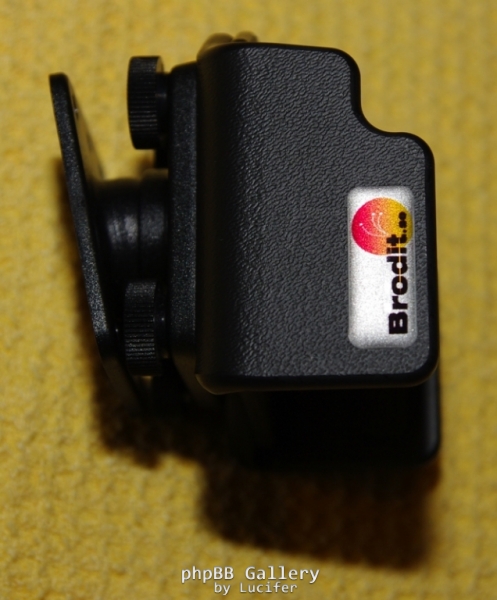 Brodit_iPhone_11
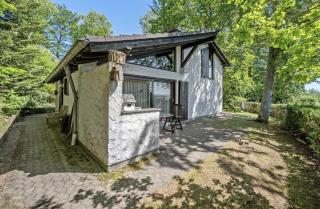 Ferienhaus für 4 Personen ca 83 m in Lissendorf, Rheinland-Pfalz Naturpark Vulkaneifel - Lissendorf - 9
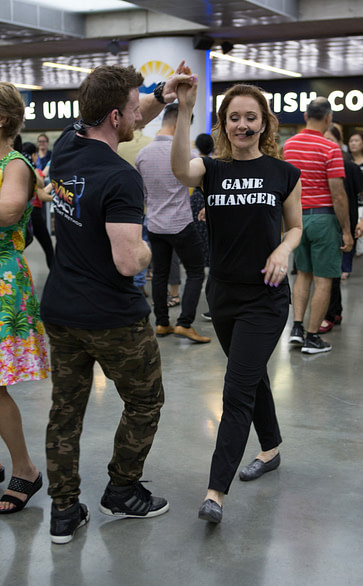 JLP-2019-08-09-00253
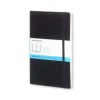 Moleskine Large Dotted Notebook Soft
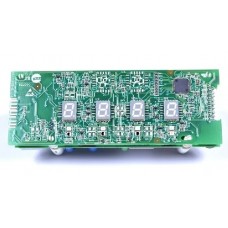 Электронный модуль для плиты Hansa 8055884
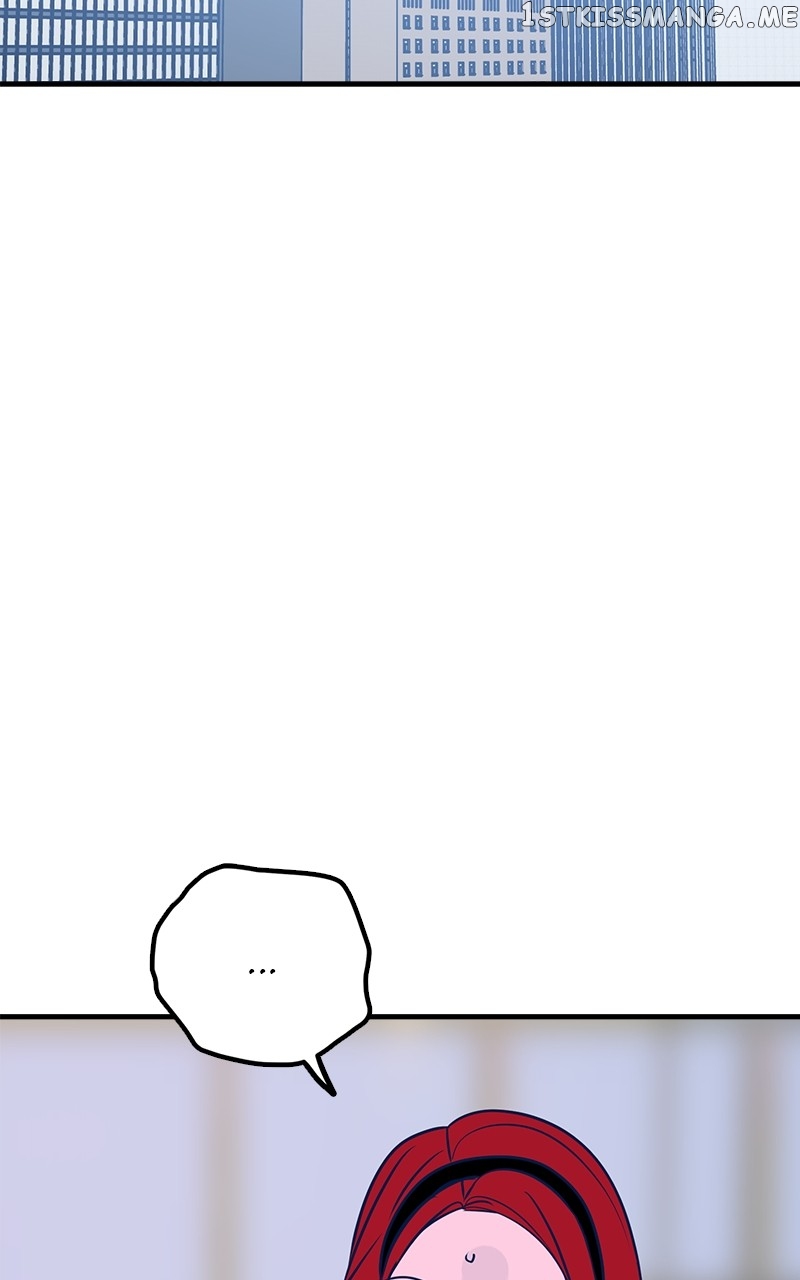 Throw the Trash in the Trash cane Chapter 53 - page 79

▶ WORK ORDER: Of the entries above, print exactly those lines that run from the one containing "JLP-2019-08-09-00253" through the last line, excluding any pictures.

▶ OUTPUT:
 JLP-2019-08-09-00253
 Moleskine Large Dotted Notebook Soft
 Электронный модуль для плиты Hansa 8055884
 Throw the Trash in the Trash cane Chapter 53 - page 79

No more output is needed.